Zum Abschluss eine sehr wichtige Frage. Wann haben Sie jeweils Ihre erste Verkaufte Braut-Erfahrung gemacht – sei es als Zuschauer oder als Interpret?

sz Ich habe meine erste Verkaufte Braut live mit sechzehn Jahren gesehen und dieses Erlebnis gab dann den Ausschlag, mich bewusst für den Beruf der Sängerin zu entscheiden. Das Stück war also schicksalhaft für mich. 

pb Mein erster Kontakt zu dieser Oper fand via Fernsehen statt – es handelte sich um die total kitschige Inszenierung von František Filip mit Peter Dvorský und Gabriela Beňačková als Jeník und Mařenka: Alle waren in bunten Trachten gekleidet, und das Dorf schien aus Lebkuchenhäusern zu bestehen.
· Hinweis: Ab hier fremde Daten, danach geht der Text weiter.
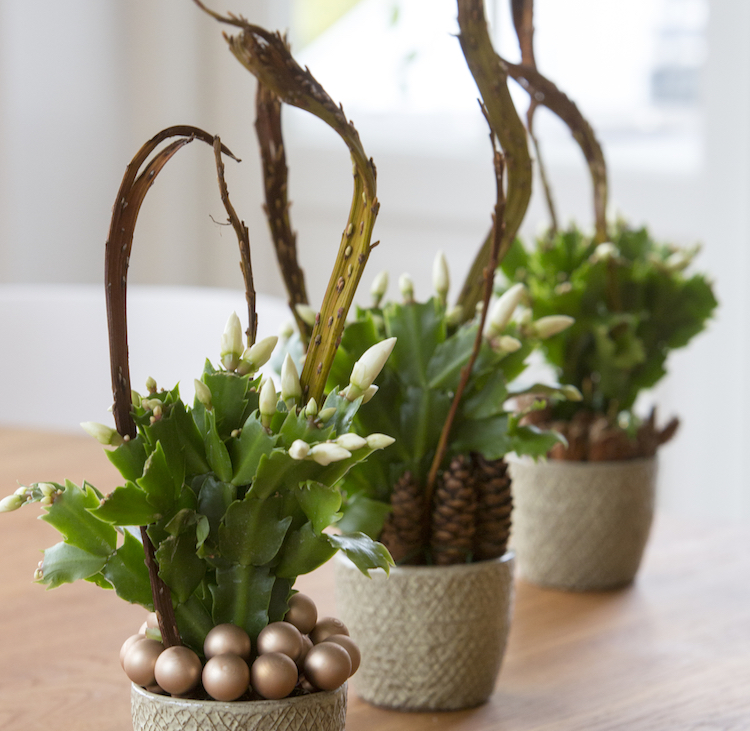 Miniplanter til bordpynt juleaften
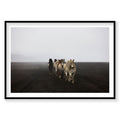 Icelandic Highland horses walking across dark volcanic landscape, ground-level view, photography print by Remy Gerega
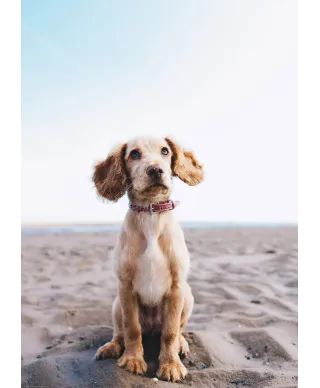 Piesek na plaży - plakat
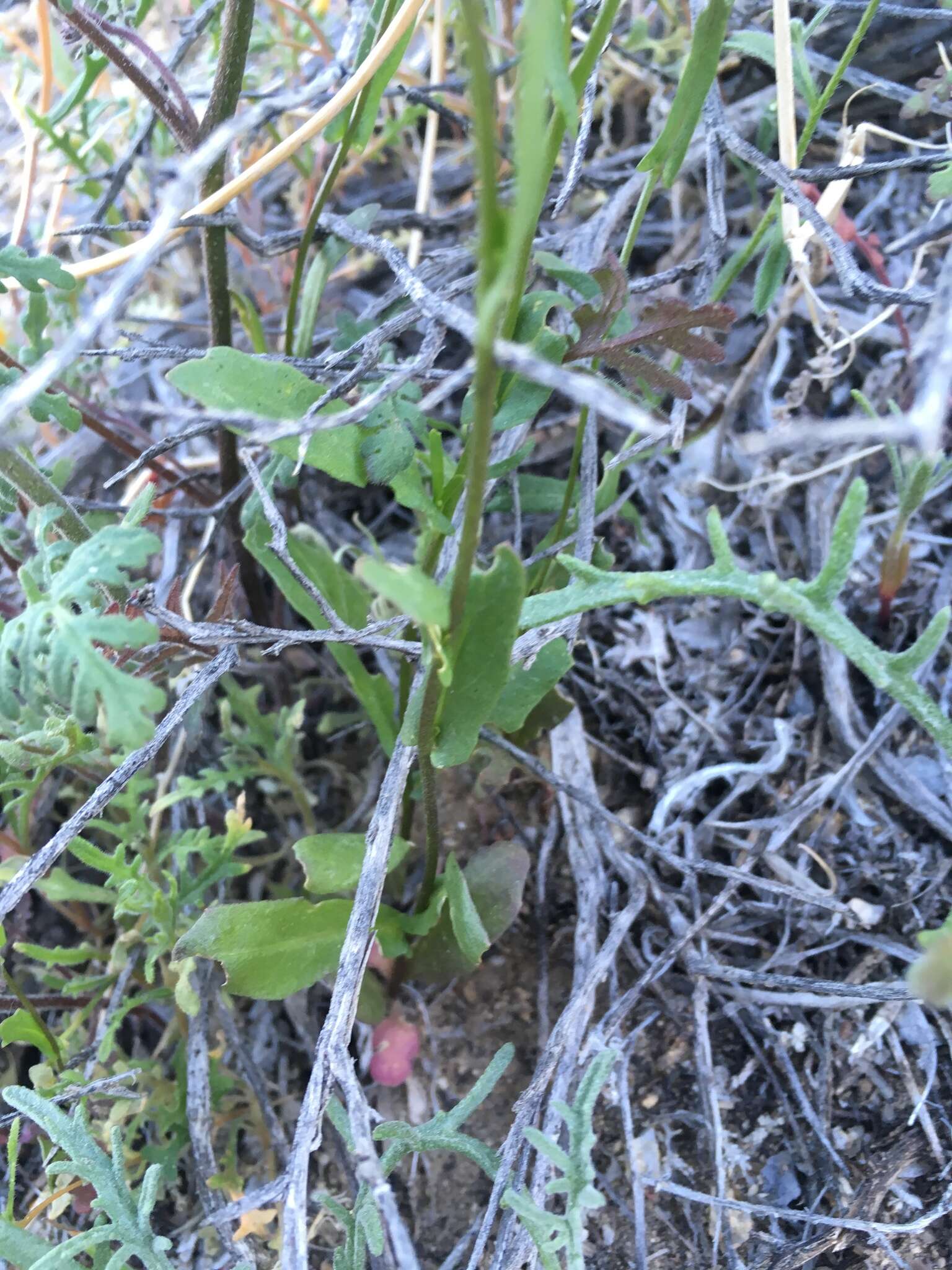 Image de Caulanthus cooperi (S. Watson) Payson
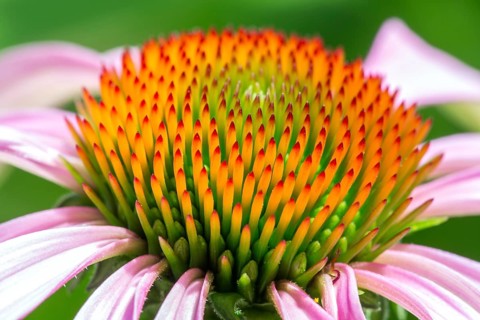 Flower of Purple Cone flower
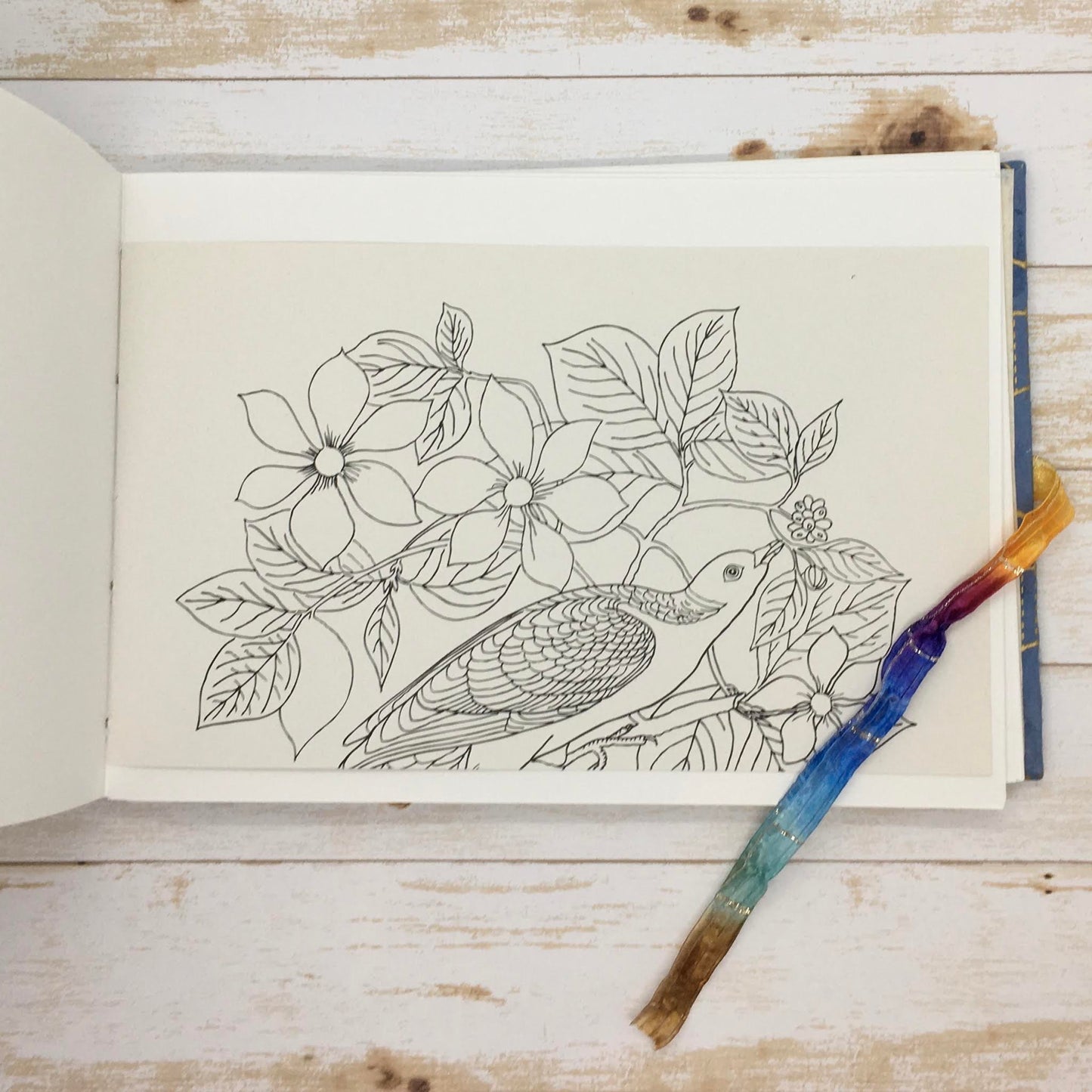 orca journal - Zinnia Awakens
Mittlerweile habe ich mehrere unterschiedliche Produktionen selbst singen dürfen.

ml Um ehrlich zu sein, kannte ich die Oper vor meinem Vašek-Debüt in München eher nur vom Hörensagen. Aber seit jener Produktion liebe ich das Werk und die Rolle, aus der man wirklich viel machen kann, ungemein.